Второй разновидностью мистического опыта является опыт трансцендентной Сущности. Он заключается в отделении обычной эмпирической сущности от высшей Сущности, которая пребывает над всяким движением и всем тем, что принадлежит к сфере времени и пространства. Таким образом Высшая Сущность познается как бессмертная и свободная.
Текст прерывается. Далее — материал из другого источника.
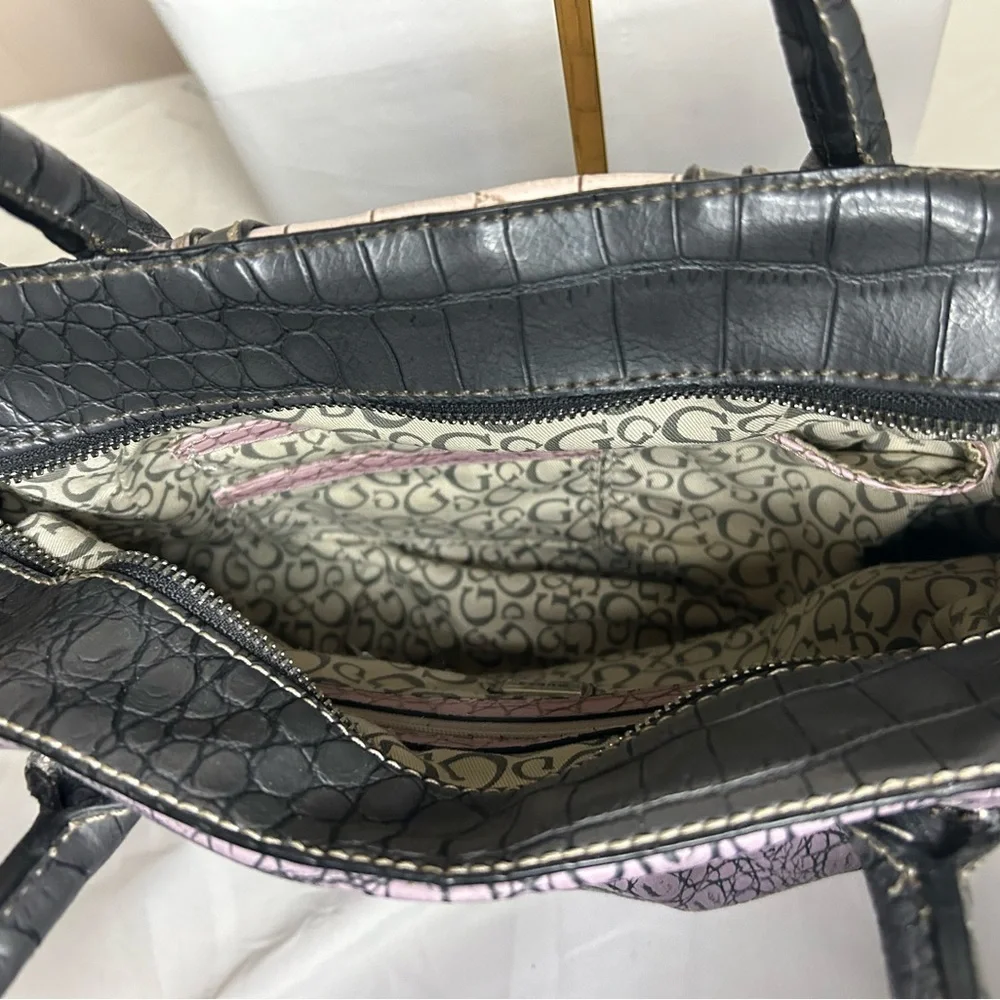 Guess Vintage Black & Pink crocodile skin textured bag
Если характерной чертой «природного мистицизма» является упоение, то для мистицизма Сущности, наоборот, характерно постепенное «трезвение» с тем, чтобы достигнуть полного трезвомыслия. Философией, основанной на мистическом опыте Сущности, излагающей его в наиболее чистом виде и наименее искаженной вставками из рискованных интеллектуальных спекуляций, является философия индийской школы Санкхья. В ней индивидуум (пуруша) воспринимается в отделении от пракрити (то есть всего движения, пространства и времени), как бессмертный и свободный. Хотя тот же опыт обнаруживается в основе философии Веданты, ее последователей все же не удовлетворяет тот непосредственный опыт, который учит собственно тому, что истинная Сущность человека бессмертна и свободна, и они добавляют к этому постулат о том, что высшая Сущность есть Бог («эта душа есть Бог» — «ayam atma brahma», Mandukya Upanishad, 2). Философия Санкхья, наоборот, остается в границах опыта высшей Сущности как таковой и ни в коей мере не отрицает множественности пуруши (то есть множественности бессмертных и свободных высших «Эго»), не возводит она и индивидуального пурушу в ранг Абсолюта, — благодаря чему в итоге ее стали считать атеистической философией — каковой она и является, если понимать под «атеистическим» честное признание: у меня не было опыта, более высокого, нежели бессмертное и свободное «Я»; что еще я могу сказать, основываясь на этом моем опыте? Санкхья не является религией и заслуживает ярлыка «атеистической» не более, чем, к примеру, современная психологическая школа Юнга. С другой стороны, можно ли считать доказательством веры в Бога возведение высшей Сущности человека в ранг Абсолюта?